Música: Peter Brunelli, Louis De Francesco, J.S. Zamecnik
Fotografía: James Wong
Howe
Reparto: Spencer
Tracy, Colleen Moore, Ralph Morgan, Helen Vinson, Henry Kolker, Sarah Padden,
Billy O'Brien
Producción: Fox Film Corporation
Aunque habiendo trabajado para los
grandes estudios cinematográficos y con las primeras estrellas de Hollywood, William K. Howard(1893–1954)
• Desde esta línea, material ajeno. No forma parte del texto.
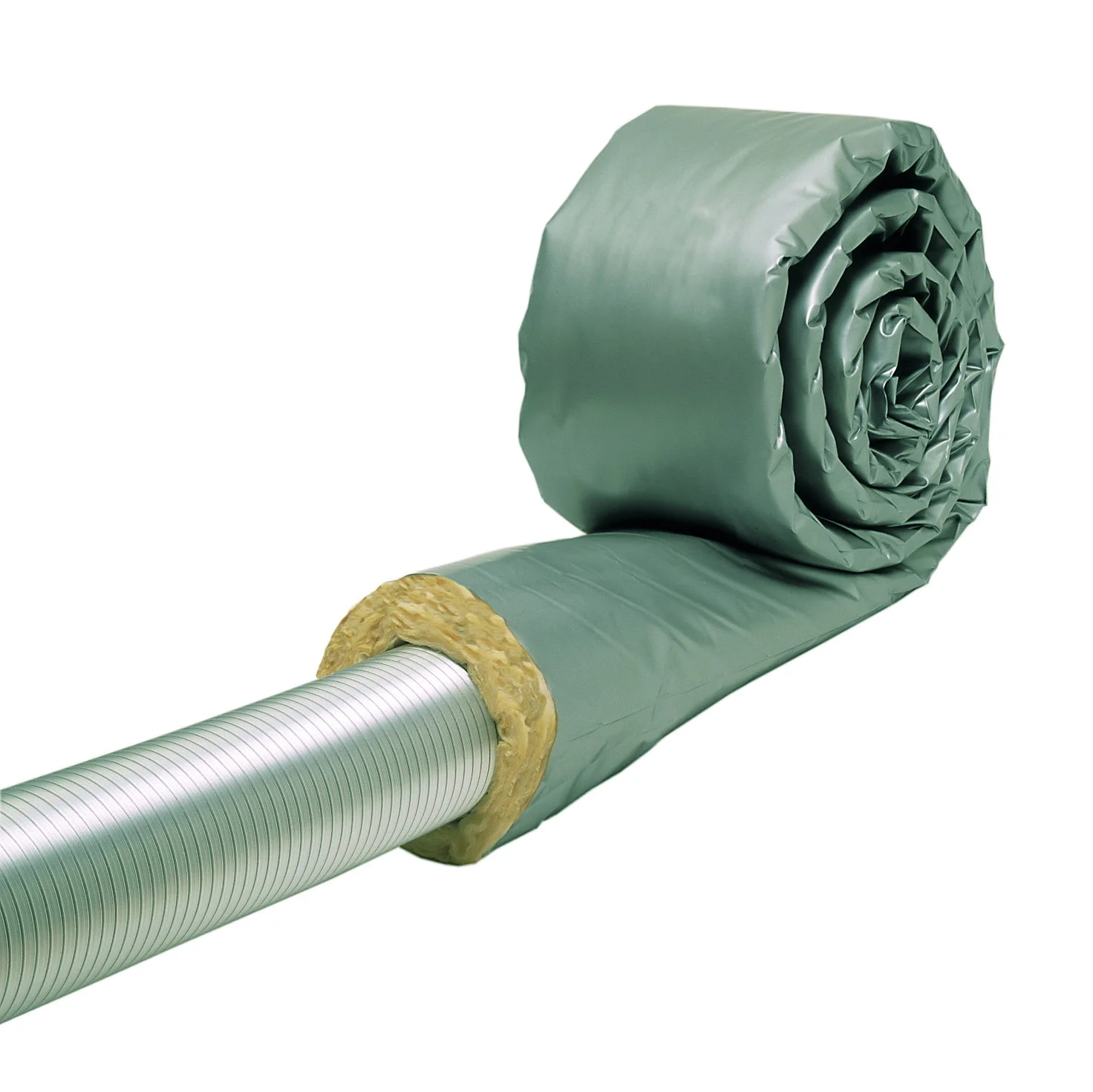 Isolerstrumpa PE30 (4 m, flera diametrar) – 200 mm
no cuajó una filmografía especialmente notable. Muy bien considerado (y
posicionado) en la industria durante sus años de mayor actividad (años 30 y
40), profesional al que se recurre con frecuencia a la hora de codirigir y/o
poner fin a algunas producciones con conflictos o lagunas, con ello y con todo,
Howard ha pasado a la historia del cine sin pena ni gloria. A propósito… De
entre sus más de cincuenta películas realizadas, hay una en concreto que sí
tiene bastante interés y merece atención, titulada justamente Poder y gloria (The Power and the Glory, 1933),
y sin relación con la célebre novela de
Graham Green del mismo título.
Bien es verdad que el valor principal del film no reside en la labor del director
(bastante convencional, quien compone la cinta a base de flashbacks, sin garantizar siempre el fluido curso de la trama),
sino en otros factores. En primer lugar, destacaría el guión, firmado por Preston Sturges, el primero que logra vender en
un estudio y llevado raudamente a producción. Un buen trabajo de escritura
cinematográfica que ha sido calificado sin exageración como un claro precedente nada menos que de Ciudadano Kane (Citizen Kane, 1941. Orson Welles). Y, en segundo lugar,
sobresale el estupendo reparto,
encabezado por un colosal Spencer Tracy
junto a Colleen Moore (muy famosa
durante el periodo silente y actriz fetiche de Mervyn LeRoy en dicha etapa) y Ralph
Morgan, en el papel de fiel amigo del protagonista y narrador de la verdadera historia del héroe del film.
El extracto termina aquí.